Top of TASK INPUT
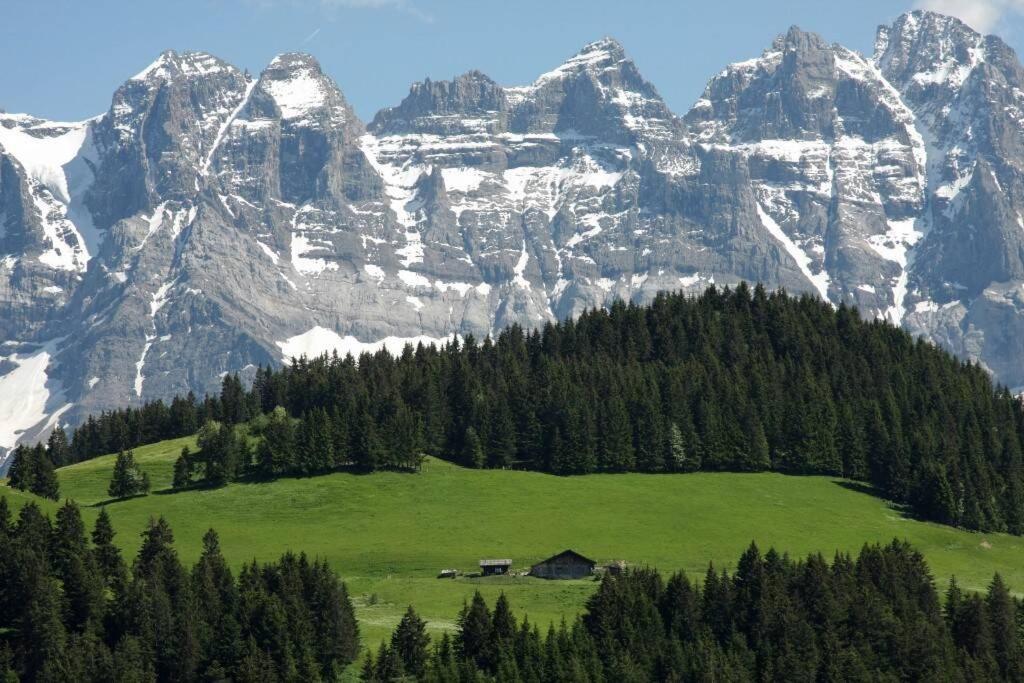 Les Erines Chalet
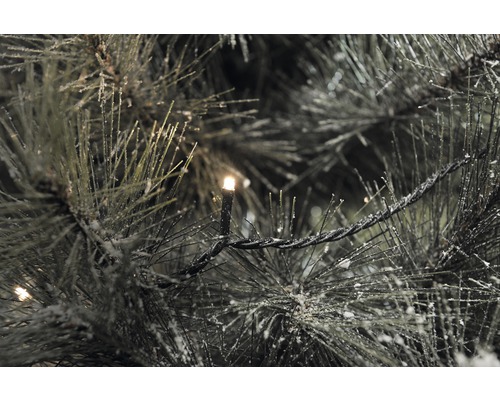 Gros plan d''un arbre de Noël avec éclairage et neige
Bottom of TASK INPUT
Top of TASK INPUT
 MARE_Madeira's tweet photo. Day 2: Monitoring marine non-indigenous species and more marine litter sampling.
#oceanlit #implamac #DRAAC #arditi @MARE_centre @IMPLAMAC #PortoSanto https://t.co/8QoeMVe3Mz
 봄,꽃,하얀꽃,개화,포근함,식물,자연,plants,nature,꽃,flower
Bottom of TASK INPUT
Copy range, inclusive: the line holding "#oceanlit #implamac #DRAAC" to the line holding "봄,꽃,하얀꽃,개화,포근함". Reproduce exactly those lines of the records above and no others.

#oceanlit #implamac #DRAAC #arditi @MARE_centre @IMPLAMAC #PortoSanto https://t.co/8QoeMVe3Mz
 봄,꽃,하얀꽃,개화,포근함,식물,자연,plants,nature,꽃,flower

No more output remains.